Stored entries
────
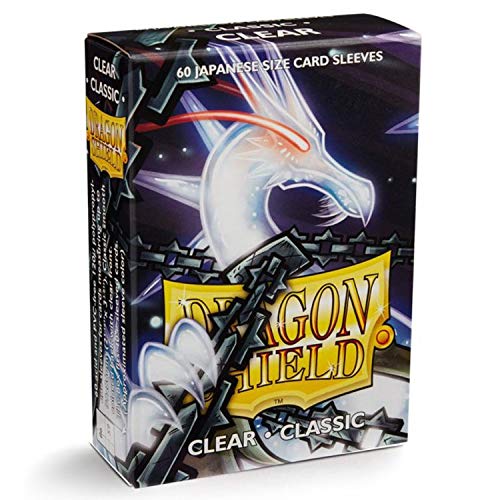 Arcane Tinmen ATM10601 Dragon Shield Japanese Size Clear Card Sleeves - 60 Pack | Perfect for MTG, Yu-Gi-Oh!, and Collectible Card Game Protection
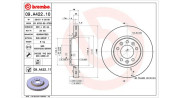 360406075600 Brzdový kotouč MAGNETI MARELLI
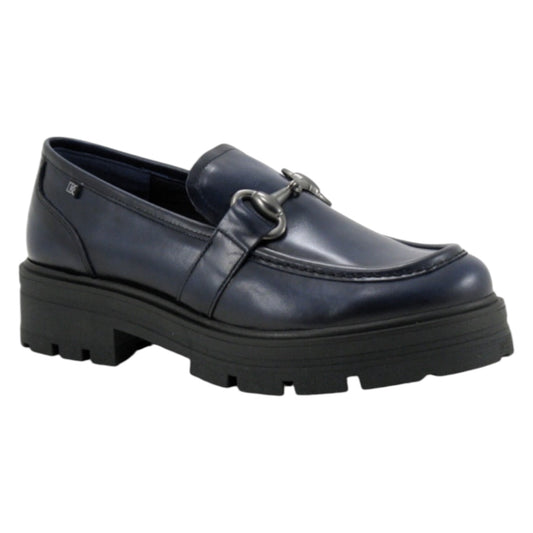 DorKing Navy Horsebit Chunky Loafers - 41 / 8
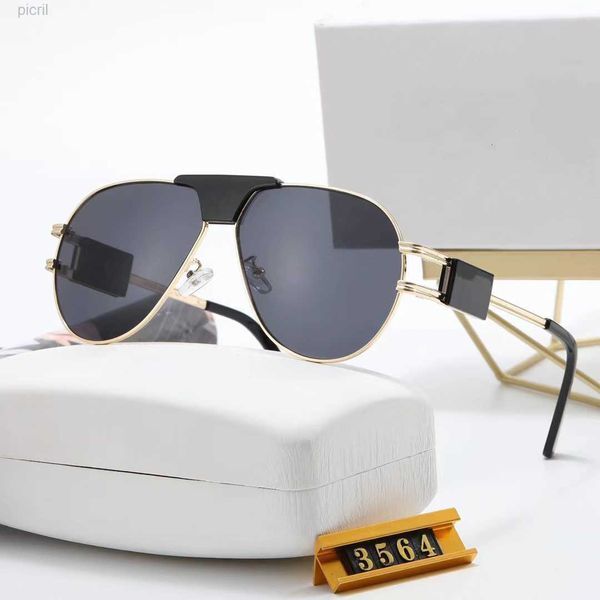 Men Designer Sunglasses Luxury Women Travel Outing Beach Clothing with Sun Uv400 Protection 5 Colors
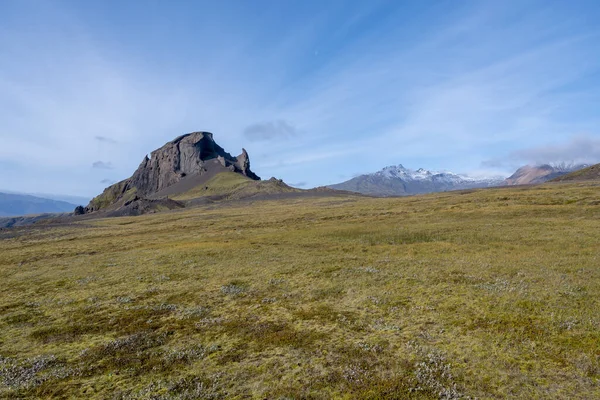 Einhyrningur Jednorožec Hora Přírodní Rezervaci Fjallabak Island Pod Slunnou Podzimní — Stock fotografie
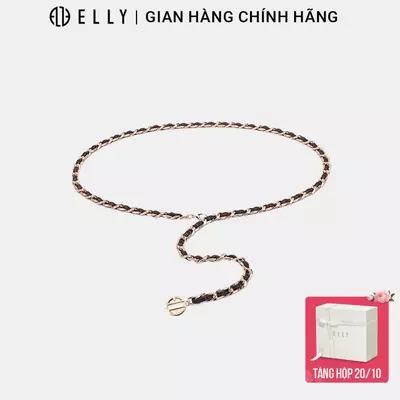 Thắt lưng nữ ELLY ED64 khóa cài da bò cao cấp dây nịt nữ thời trang chính hãng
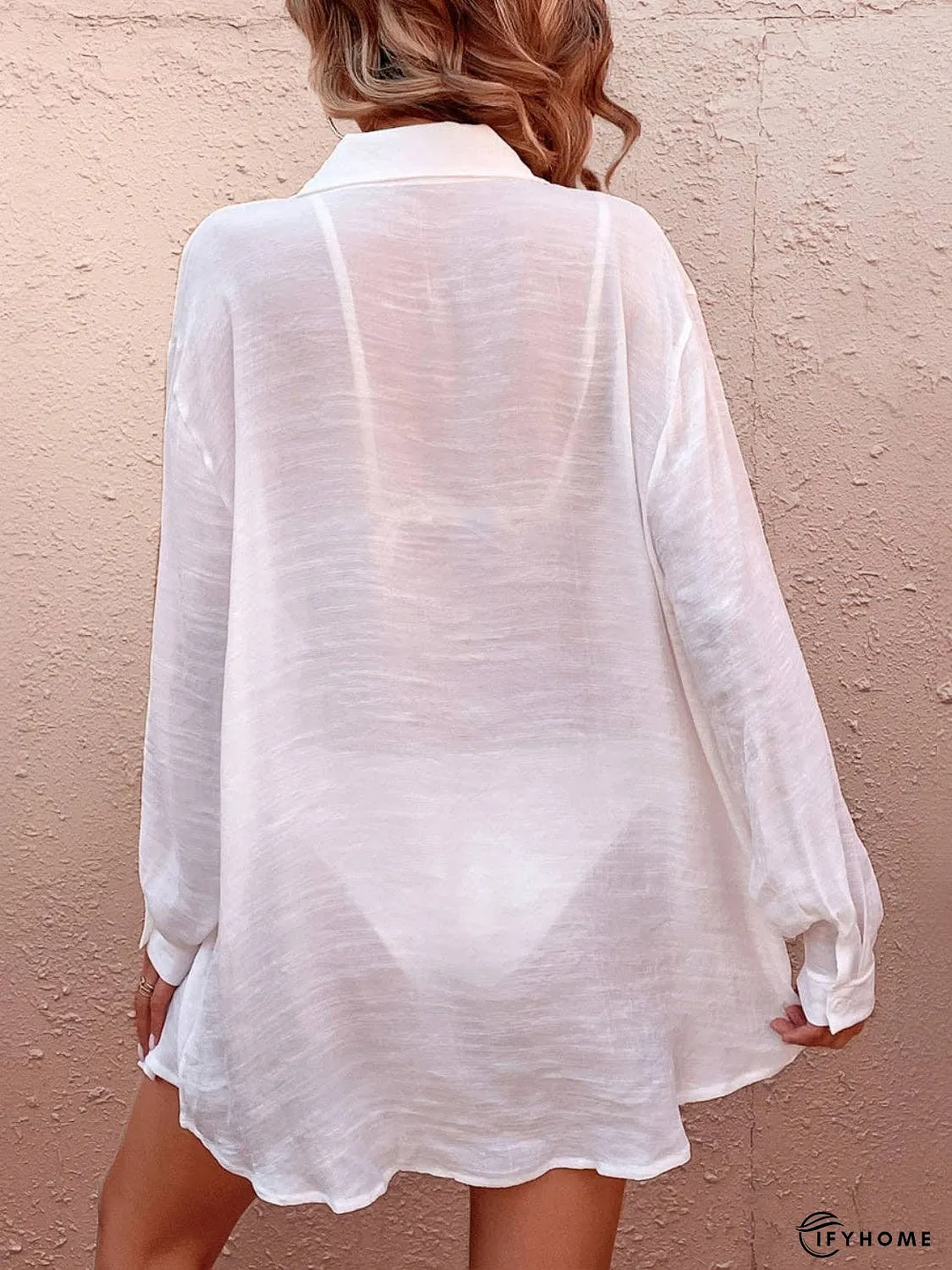 Pocketed Dropped Shoulder Cover Up | IFYHOME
────
(What the exercise asks) Once the pictures are set aside, repeat the remaining data word for word.

(Response area)
 Arcane Tinmen ATM10601 Dragon Shield Japanese Size Clear Card Sleeves - 60 Pack | Perfect for MTG, Yu-Gi-Oh!, and Collectible Card Game Protection
 360406075600 Brzdový kotouč MAGNETI MARELLI
 DorKing Navy Horsebit Chunky Loafers - 41 / 8
 Men Designer Sunglasses Luxury Women Travel Outing Beach Clothing with Sun Uv400 Protection 5 Colors
 Einhyrningur Jednorožec Hora Přírodní Rezervaci Fjallabak Island Pod Slunnou Podzimní — Stock fotografie
 Thắt lưng nữ ELLY ED64 khóa cài da bò cao cấp dây nịt nữ thời trang chính hãng
 Pocketed Dropped Shoulder Cover Up | IFYHOME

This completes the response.